A Tucson charter school will likely close at the end of this year after an administrative law judge determined it should have its charter revoked.
Allsport Academy, which serves grades 5-9, failed to make sufficient academic progress after underperforming for the last three years, prompting Judge Thomas Shedden to issue the order against the school late last month.
The Arizona State Board for Charter Schools will make the final decision on the school’s fate at its Nov. 21 meeting, said DeAnna Rowe, executive director of the board.
However, school officials are looking at surrendering the charter and closing the school rather than have it revoked, said Moses Montoya, board chairman and administrator for Allsport Academy.
Montoya referred further questions to Raquel Montoya, the school’s manager and board secretary treasurer.
Raquel Montoya did not respond to a request for comment.
If the state board revokes the charter, the school would have to shut down by December.

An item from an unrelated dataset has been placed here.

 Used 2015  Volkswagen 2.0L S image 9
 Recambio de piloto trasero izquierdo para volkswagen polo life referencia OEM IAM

In May, the state board for charter schools determined Allsport’s charter should be revoked after the school did not meet any of the board’s criteria for improvement.

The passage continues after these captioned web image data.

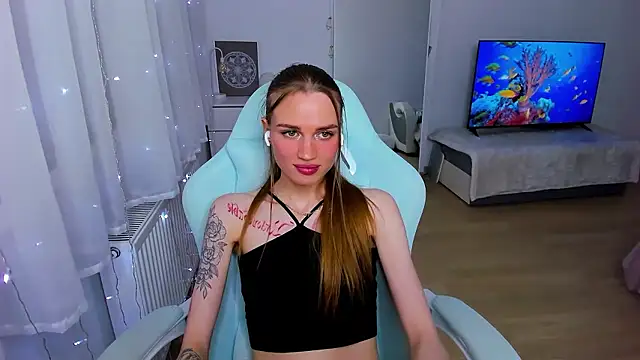 StellaLawless online show from 12/05/24, 10:45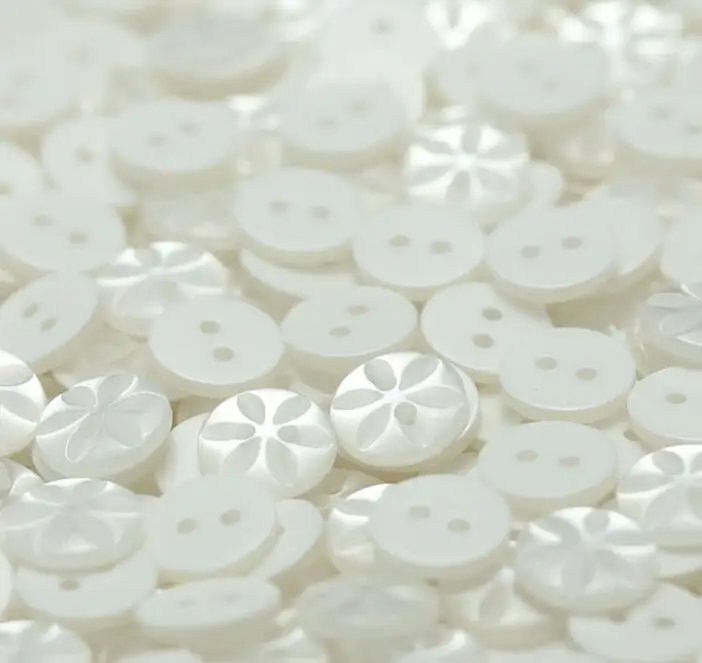 10pcs/LotSize:11mm Flower shape two eyes resin Buttons fashion Button Knitted cardigan shirt Accessories Sewing(KK-4064)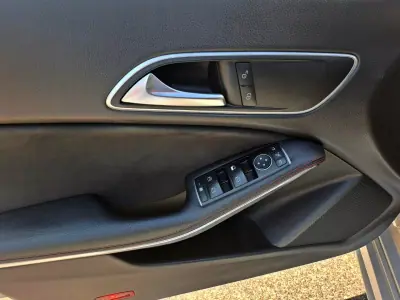 Mercedes-Benz CLA 180 2016 - 17490 EUR, 178000 km - AUTO.MOTO.pt - 178000km - foto 10 de 26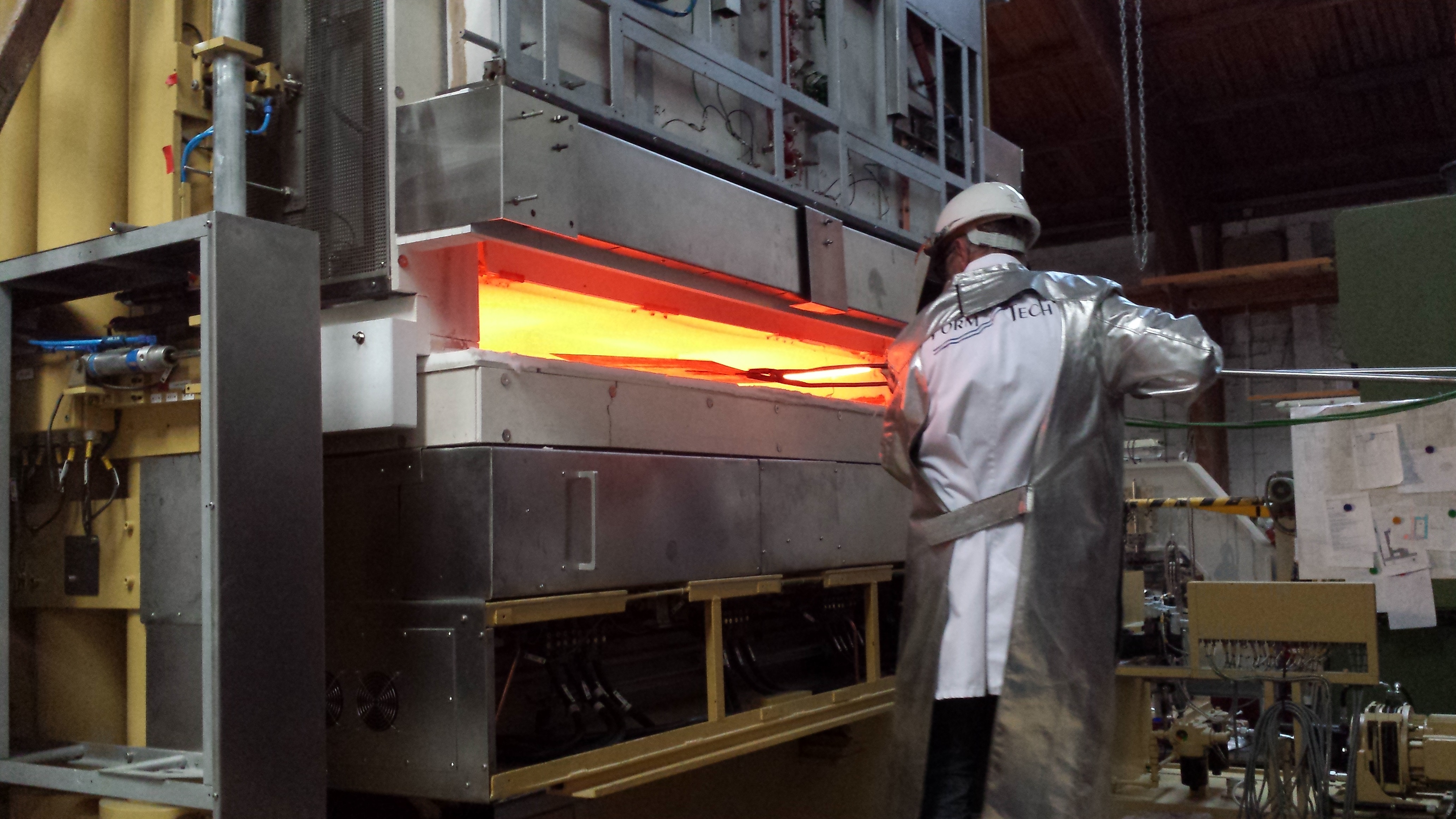 ENA GmbH Industrieofenbau, Industriestraße 3 in Staßfurt OT Atzendorf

Allsport officials then requested a hearing with the judge at the state Office of Administrative Hearings.
The board’s decision was triggered by an F grade the school received from the Arizona Department of Education for the 2011-12 school year, which was preceded by a D in 2010-11 and an underperforming label in 2009-10.
Allsport also received an F in the 2012-13 edition of the state’s letter grades.
If a charter school receives an F, the board has to decide whether to help restore the school to acceptable performance or revoke its charter.
Allsport officials submitted a portfolio of evidence showing its progress in April, which was followed by a visit to the school from board officials later that month. After the visit, board officials decided the school didn’t show enough improvement.
According to board documents, the board made its decision because the school failed to implement an improvement plan to raise its academic standing, provide evidence of a curriculum aligned with state standards and provide a comprehensive professional development plan for teachers, among other issues.
More specifically, school officials didn’t provide evidence that they were using curriculum maps, lesson plans, teacher evaluations and student assessment tests that met the board’s requirements.
The school also failed to meet the board’s financial-performance expectations, which indicates it lacked the capacity to improve student academics.
Allsport suffered from low test scores on AIMS, the state’s assessment test, although Moses Montoya said earlier this year the students already struggled with state standards before they arrived at the school.
The school, which had 52 students as of August, caters to young athletes, offering a mixture of athletic programs and academics that will prepare them for high school, according to school officials.